The problem isn’t that the internet is killing print. Or that the internet is killing attention spans. The issue is that text, in short bursts, reads well online.
And so, instead of producing multiple types of content, newspapers either hid the stories behind a paywall (making them irrelevant) or posted them in full online (making a print purchase seem a little foolish). Does a newspaper website make that print product irrelevant? No. It doesn’t offer the same experience, the same serendipity, that scanning a printed paper does. if it’s 6 screens long, it also doesn’t result is a pile of engaged readers paying attention to ads.
But a newspaper website allows readers to think ‘Why am I paying for this?’ which is the core problem. The actual value proposition of a print newspaper is poorly articulated. If you ignore the pains of reading long form text online, and ignore the actual print experience, reading it on the internet seems like a much better call. A printed newspaper can be read in a unique way, which is very well suited to presenting, well, news.

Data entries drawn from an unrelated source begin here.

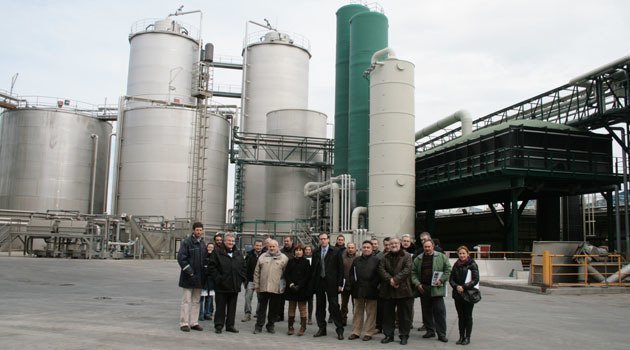 Els alcaldes i tècnics de Nufri davant de les instal·lacions de la planta.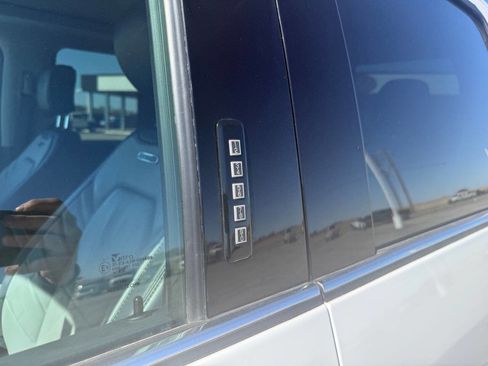 Used 2022 Ford F350 Limited image 17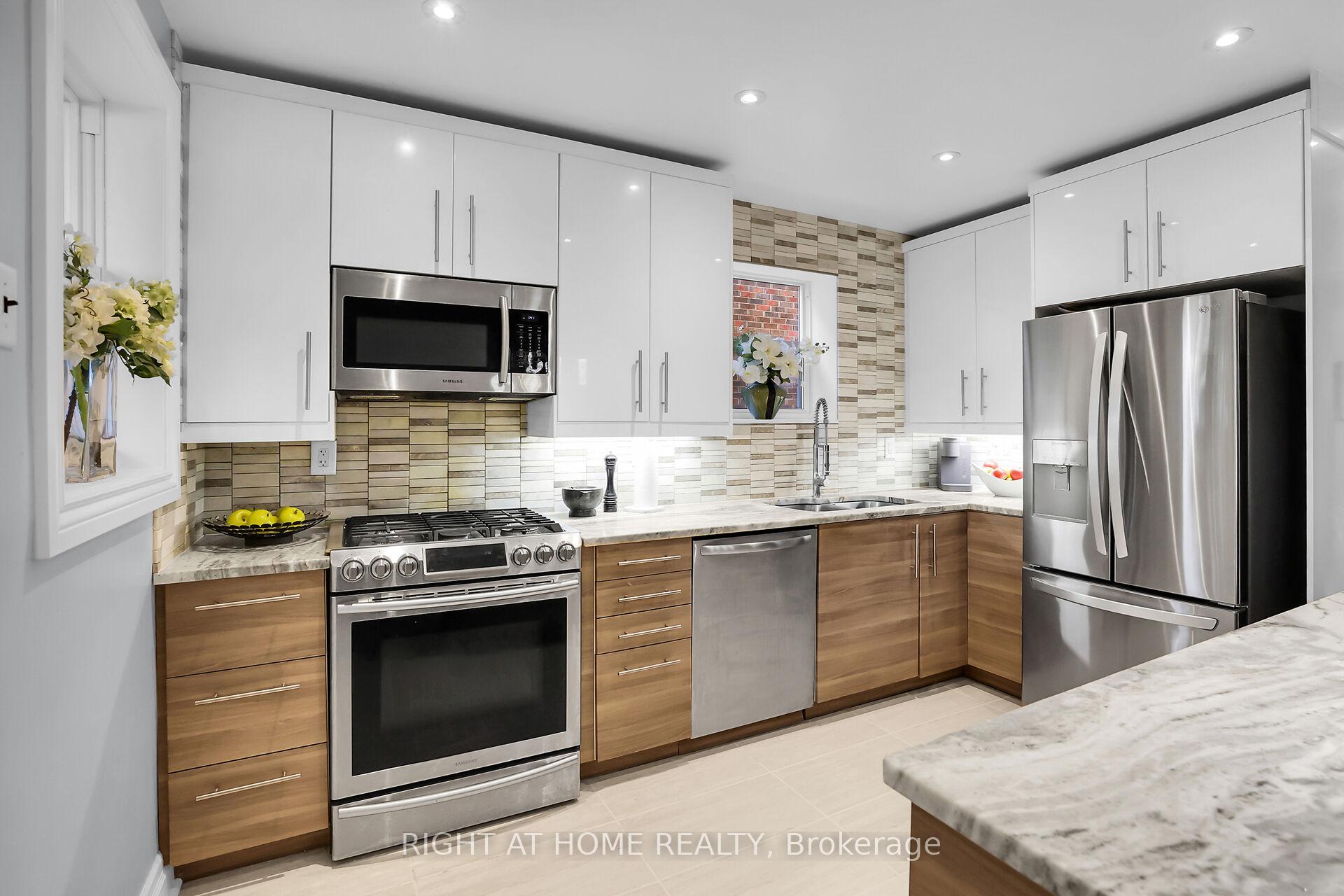 Photo 26 of 65 London Street S, Hamilton, Delta — HOMEH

The internet does short bursts of text well. Video. Audio. Distribution. The assumption that the online presence of a newspaper, or a TV show, or a magazine, should be a flat out reproduction of the core product, is absurd. Create things that add to the core product, expand on it, but don’t replace it.
Paywalls are a half-assed solution to the problem of devaluing content. Consider a web-presence that actually adds value to your physical products, instead.